With the current focus on reducing carbon emissions, it’s important not to lose sight of the need for efficiency. Kevin Stones, Technical Service Director with Hoval, explains

When the Carbon Reduction Commitment changed its name to the CRC Energy Efficiency Scheme (CRC EES) this was more than just a whim; it was in recognition that reducing carbon emissions doesn’t always improve efficiency. And it’s important to address both issues because efficiency has a direct impact on fuel consumption and, therefore, costs.  

For example, electricity generated by a nuclear power station may have a low carbon footprint but if the systems using the electricity are inefficient the building operator will still end up with a big energy bill. So a low carbon installation that is expensive to run will clearly fail to meet all of the needs of the end client. 

Another, more common, example is that of biomass fuels. A biomass boiler reduces carbon emissions because wood fuels are close to carbon neutral, on the grounds that the CO2 released during combustion was fixed by the plants used as fuel just a few years earlier. But it’s still important that the biomass boiler is used efficiently. 

In fact, modern biomass boilers are very efficient (up to 92% for the better designs) but as with all building services plant their efficiency will vary with the nature of the system they serve. For instance, they are able to cope effectively with variable heat loads but not, perhaps, as efficiently as a gas-fired condensing boiler. So biomass boilers will operate at maximum efficiency when combined with a steady base load. 

Consequently there will be occasions when a mix of biomass and conventional boilers gives the highest overall efficiency, in relation to the way the building is used and the demands it makes on its heating systems. An obvious example would be where the biomass boiler meets a constant load and is then ‘topped up’ by a condensing boiler as and when required. 

There are also other considerations the building services engineer has to take into account when designing such systems. These include local planning consents requiring a percentage of renewable energy sources – and/or the desire of the end client to be ‘seen to be green’. 

As a result, there will certainly be a need to consider the use of other renewable heat sources, such as solar thermal and heat pumps, as part of the overall mix. And because the heating capacity of both solar thermal and heat pump systems shows considerable seasonal variation, there will be a need to design a suitable level of back-up into the system. This, in turn, may impact on capital costs and resulting payback periods. 

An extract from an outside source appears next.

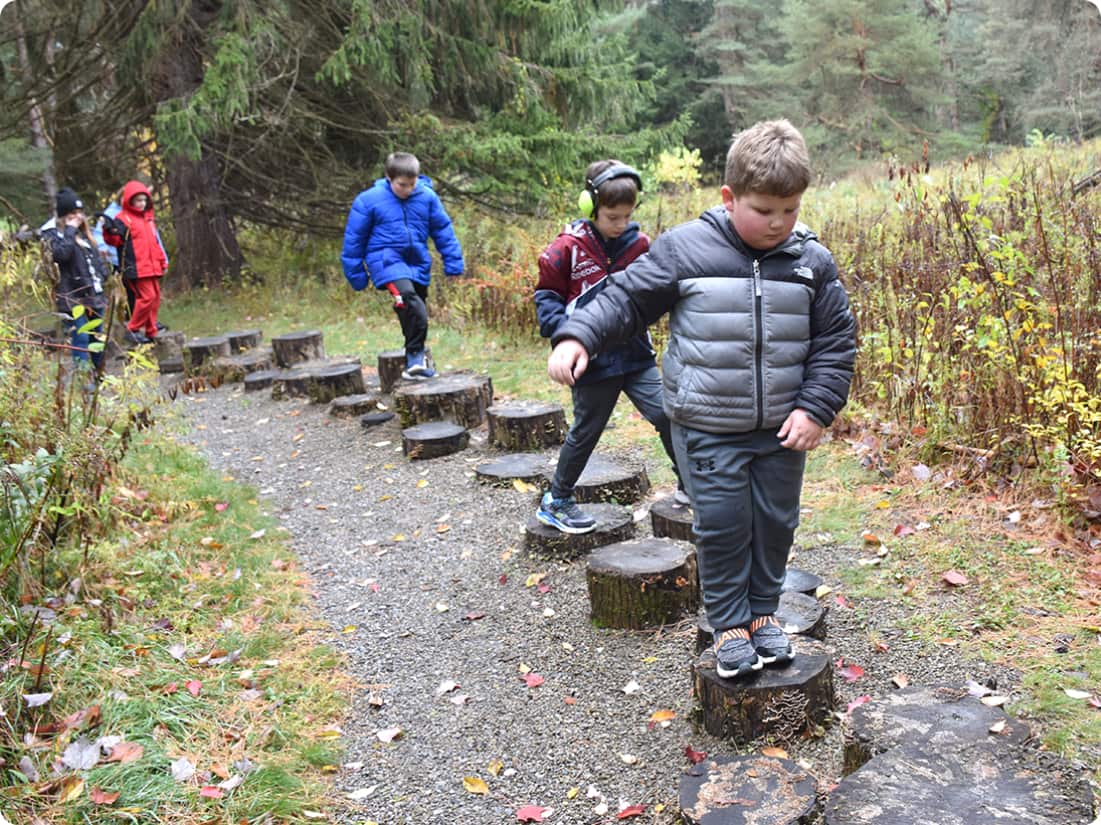 Stepping stones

For that reason, solar thermal systems and heat pumps are often used to pre-heat cold water for hot water systems, with other heat sources (e.g. gas, oil or biomass boilers) being used to bring the water up to the required temperature and for pasteurisation cycles. This approach tends to work well and increases efficiency by minimising the use of the boiler plant. However, it is essential to include efficient controls and suitably designed thermal storage vessels to ensure that each type of heat source is used to optimum effect. 

Other situations may point to a different solution. Swimming pools, for example, act as a large heat sink with relatively low operating temperatures (typically 26-30°C) that can easily be achieved with solar thermal, with no need to buy thermal storage vessels. These low temperatures result in high collector efficiencies and solar fractions. Additionally most indoor pools have a large roof area, which is ideal for the solar collectors. 

In the case of new build projects there may be more scope to make wider use of renewable heat sources, as early collaboration at the design stage can help to ensure the fabric design reduces heating loads. This, in turn, could open the door for using lower grade heat sources such as heat pumps, in conjunction with underfloor heating or suitably sized heat emitters to compensate for the lower water temperatures. In such cases, the lower return water temperatures may make condensing boilers the best choice as a back-up heat source because of the extra condensing that will be achieved. 

In refurbishment projects, where the requirement for consequential improvements under Part L of the Building Regulations is likely to encourage the use of low carbon technologies, this can be more challenging. For instance, if the central plant is being replaced but the distribution system and heat emitters remain unchanged, the original design water temperatures may need to be retained. Here, biomass boilers offer a good solution as they will generally deliver hot water at around 82°C, equivalent to conventional boilers. 

Ultimately, the key to arriving at the best solution is to decide which renewable and conventional heat sources will work together in a controllable fashion. Furthermore, these choices need to be made in the context of the nature of the building and how it is used on a day-to-day basis, local planning requirements, the end client’s aspirations and the budgetary realities.